### YOUR INSTRUCTIONS
What you copy should be the lines from the one with "Anti-20S proteasome subunit" through the end of the entries, word for word. Omit the pictures.

(Records from a collection)
------------------------------------------------

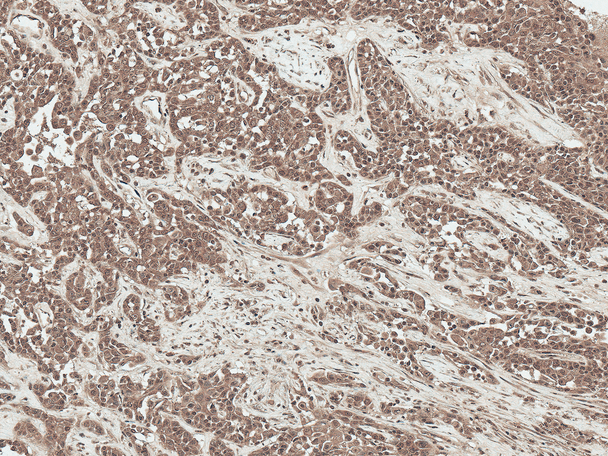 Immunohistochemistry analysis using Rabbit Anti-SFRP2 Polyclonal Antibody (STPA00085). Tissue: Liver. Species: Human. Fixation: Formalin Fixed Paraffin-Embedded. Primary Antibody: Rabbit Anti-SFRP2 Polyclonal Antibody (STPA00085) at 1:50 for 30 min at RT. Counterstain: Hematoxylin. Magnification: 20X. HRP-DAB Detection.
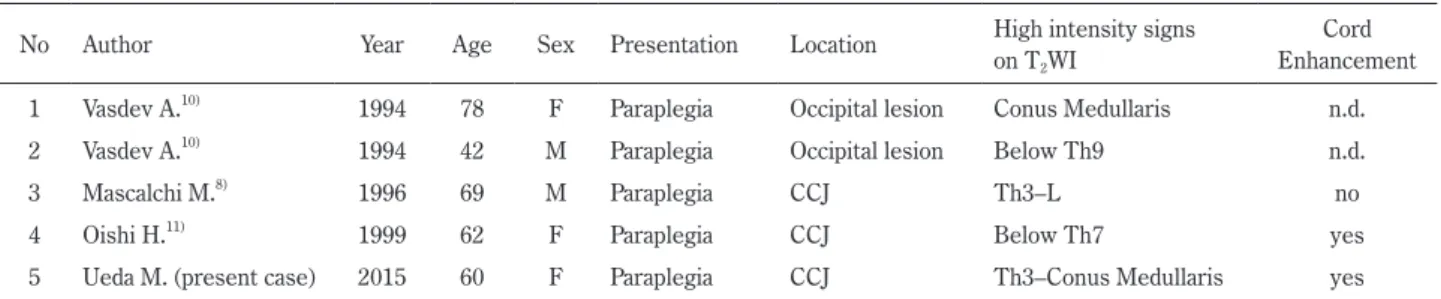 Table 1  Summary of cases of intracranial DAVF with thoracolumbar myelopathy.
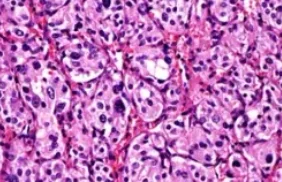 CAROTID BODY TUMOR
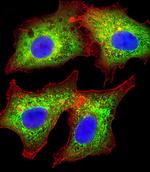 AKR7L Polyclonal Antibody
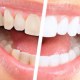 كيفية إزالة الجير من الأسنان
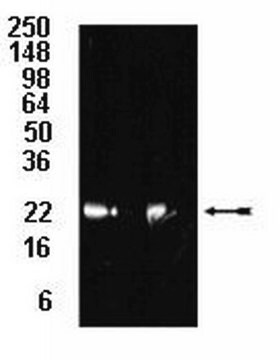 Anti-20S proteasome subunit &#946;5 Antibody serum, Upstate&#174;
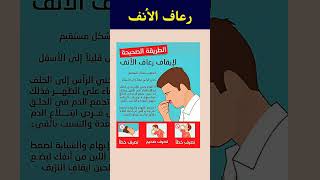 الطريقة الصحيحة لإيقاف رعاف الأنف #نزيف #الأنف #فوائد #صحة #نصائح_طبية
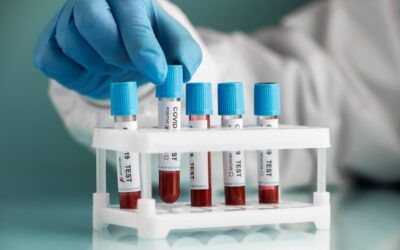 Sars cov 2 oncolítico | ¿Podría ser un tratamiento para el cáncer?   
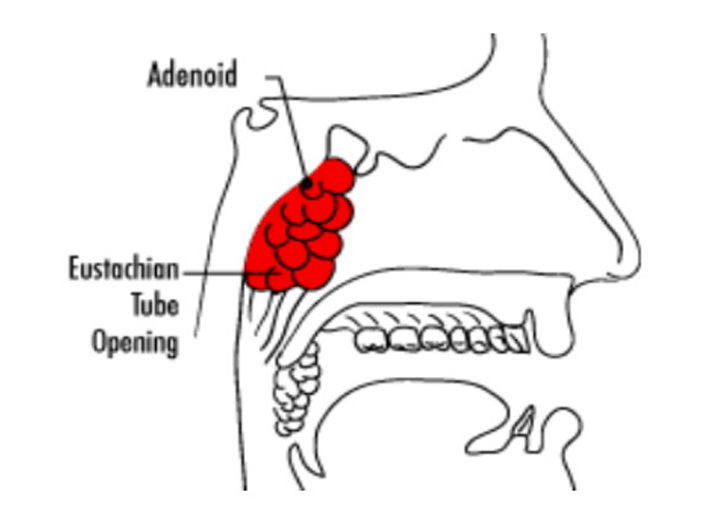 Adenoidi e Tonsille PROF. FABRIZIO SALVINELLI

------------------------------------------------

### ANSWER TO THE EXERCISE
 Anti-20S proteasome subunit &#946;5 Antibody serum, Upstate&#174;
 الطريقة الصحيحة لإيقاف رعاف الأنف #نزيف #الأنف #فوائد #صحة #نصائح_طبية
 Sars cov 2 oncolítico | ¿Podría ser un tratamiento para el cáncer?   
 Adenoidi e Tonsille PROF. FABRIZIO SALVINELLI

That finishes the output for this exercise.